CBT is a short-term, goal-oriented psychotherapy treatment that takes a hands-on, practical approach to problem-solving. Its goal is to change patterns of thinking or behavior that are behind people’s difficulties, and so change the way they feel. CBT works by changing people’s attitudes and their behavior by focusing on the thoughts, images, beliefs and attitudes that are held (a person’s cognitive processes) and how these processes relate to the way a person behaves, as a way of dealing with emotional problems.

In simple terms, CBT helps you understand that your behavior is directly linked to your thought processes. By helping you to examine your thought processes and beliefs about your addiction, CBT can help you learn to modify your thoughts, ultimately leading to different, healthier behaviors.

How CBT Works for Recovering Addicts

People struggling with addiction often become victims of their own negative thinking and destructive thought patterns. For instance, it is not uncommon for recovering addicts to have an all-or-nothing mentality about the recovery process.

This type of thinking leads to an increased probability of major relapse.
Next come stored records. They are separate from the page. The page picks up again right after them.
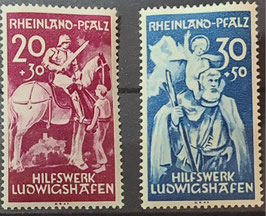 1948 Rheinland Pfalz Hilfswerk Ludwigshafen 20 und 30 Pfg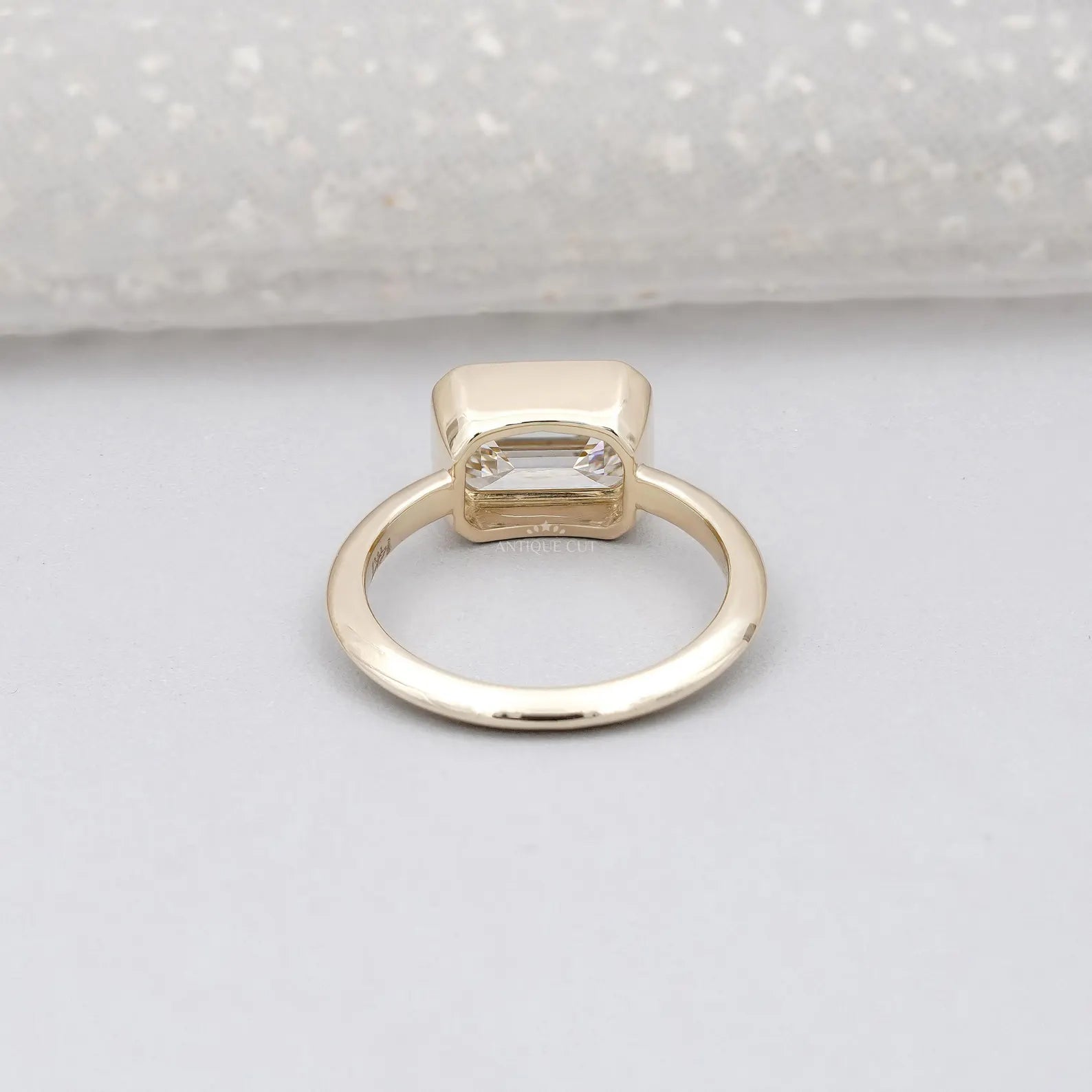 Emerald Cut 3.00ct Lab Grown Diamond East-West Engagement Ring | Bezel Setting | IGI Certified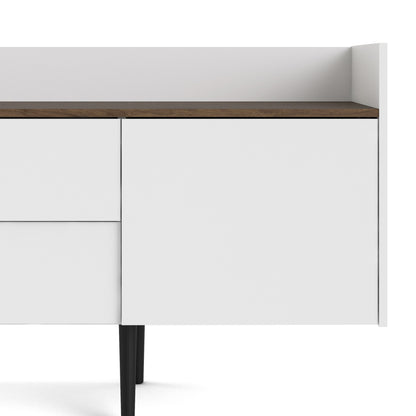 unit sideboard 2 drawers 3 doors in white and walnut
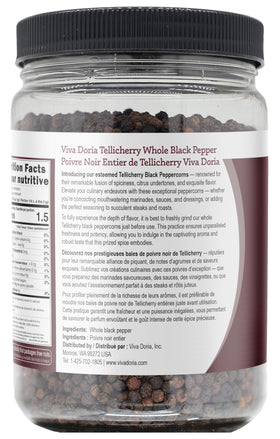 Viva Doria Tellicherry peppercorns in reclosable jar stay fragrant.
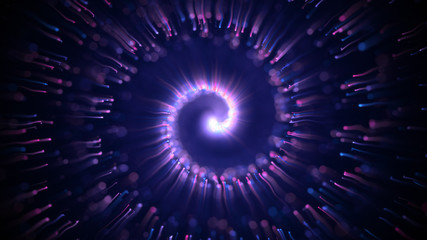 Blue glittering star dust twisted spiral of trail sparkling particles on black background. Space comet tail. Magic blue purple flying particles 3d illustration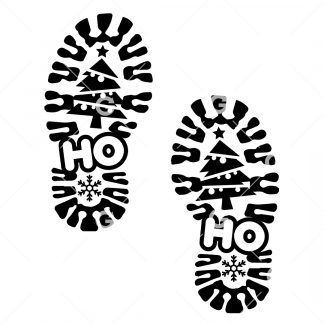 Christmas cut file design that reads "Ho Ho" with Santa Boots, Christmas Tree and Snowflakes.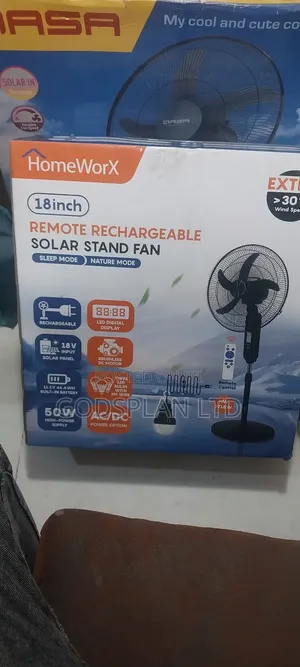 Rechargeable Fan 18" With 30w Solar Panel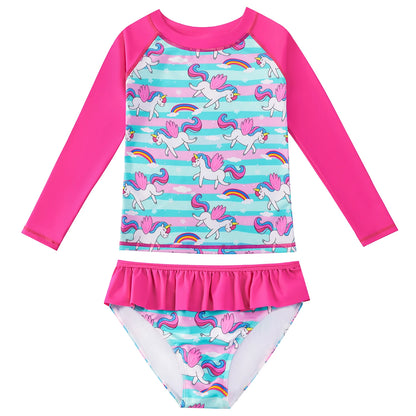 2pcs Kids Girls Long Sleeve Cartoon Horse Rainbow Print Beach Tops & Swim Briefs Swimsuit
Figuring that a minor misstep in the recovery process spells ultimate failure can persuade you to give up the fight and allow destructive behaviors and actions to overshadow any progress that has been made.

In a scenario like this, CBT can break the cycle of destructive thinking before it leads to destructive behavior. By helping you recognize where negative thoughts come from and how they impact actions, CBT provides you with the weapons you need to battle your own inner demons.

CBT Provides Healthy Coping Skills

The National Institute on Drug Abuse notes:

“A central element of CBT is anticipating likely problems and enhancing patients’ self-control by helping them develop effective coping strategies.”

For instance, during CBT sessions, you and your therapist will explore the positive and negative consequences of substance abuse. You will learn to discern the thought processes that lead you to the desire to abuse drugs or alcohol.

Additionally, you will learn how to foresee and avoid situations that trigger negative thoughts and cope with unavoidable situations in the best possible way. CBT arms you to succeed in your fight against addiction.

As you learn more about your own thought patterns, you acquire the problem-solving abilities you need to remain clean and sober. CBT is part of a holistic approach to addiction treatment. The life skills you learn through CBT help you not only to conquer addiction but also to handle other problems you may encounter in life.

Cognitive Behavioral Therapy in rehab treatment

By teaching you more about yourself, Cognitive Behavioral Therapy helps you to become the person you want to be.

CBT strengthens your understanding of self, providing you with insights into what makes you tick. It helps you to control poisonous thoughts and “stinking thinking” that sap your strength. It enables you to control your thoughts, feelings and, ultimately, your actions as well.